Technology Business Management

What is Technology Business Management

TBM is an outcome-based framework that helps organizations realize value out of their technology investments. TBM bridges the gap between Business, Finance, and Technology regardless where it sits across the business stack. It provides higher cost visibility, structured planning, and optimization methods of your technology investments. The TBM framework includes people, process, technology, and data required to manage these technology investments and drive value conversations. It defines a business model and a decision-making framework. TBM employs a powerful standard taxonomy that is easy to understand across the various stakeholders.

The bottom part of the TBM layout represents the financial view of your technology spend broken down by the traditional categories such as Software, Hardware, Labor, etc and the functional groupings such as Infrastructure (Data Center, Compute, etc), Application, Delivery, and IT Management. This all represents an asset-based operating model that is good enough to provide basic understanding of IT cost visibility internally but does not provide enough value conversation with the majority of IT and business stakeholders.
 
 
 
 
 

Moving to the service and consumption-based level entails defining a service-based operating model where every IT solution delivered is viewed as a service. This ensures defining and costing out every service end-to-end including direct and indirect (internally allocated) costs. Imagine being able to report on your Infrastructure-as-a-Service (IaaS) cost end-to-end. What makes this view powerful when consumption (operational) data is coupled with financial data to produce unit costs. For example, the monthly cost of your vCPU or GB of storage. This will drive a different level of value conversation with other service/app owners as they will be aware of what their total cost of ownership .

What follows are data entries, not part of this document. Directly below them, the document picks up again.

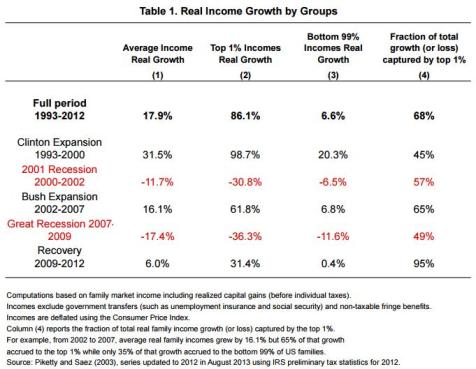 Obama Inequality Saez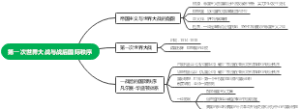 第一次世界大战与战后国际秩序
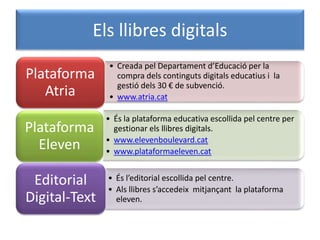 Els llibres digitals
• Creada pel Departament d’Educació per la
compra dels continguts digitals educatius i la
gestió dels 30 € de subvenció.
• www.atria.cat
Plataforma
Atria
• És la plataforma educativa escollida pel centre per
gestionar els llibres digitals.
• www.elevenboulevard.cat
• www.plataformaeleven.cat
Plataforma
Eleven
• És l’editorial escollida pel centre.
• Als llibres s’accedeix mitjançant la plataforma
eleven.
Editorial
Digital-Text
 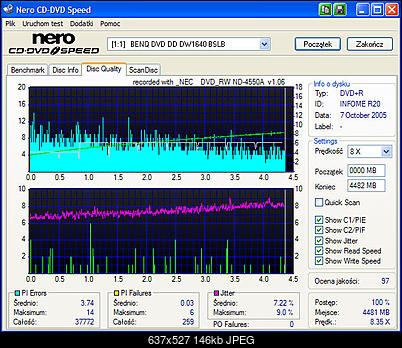 NEC ND-355051505170717071 A-nero-disc-quality-benq-1640-philips-r-8x-6x-nec-4550a-1.06.jpg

The top part of the TBM framework is what typically Businesses consume and interact with on-going basis. This is what shifts the conversation to the next level of services, products, and business capabilities they understand. When expressing the IT cost and budget in those terms, the value conversation and cost/budget optimization changes from “why it costs us what it costs” to “show us the financial impact of our growth or shrinking” or “show us how we can optimize based on our demand”.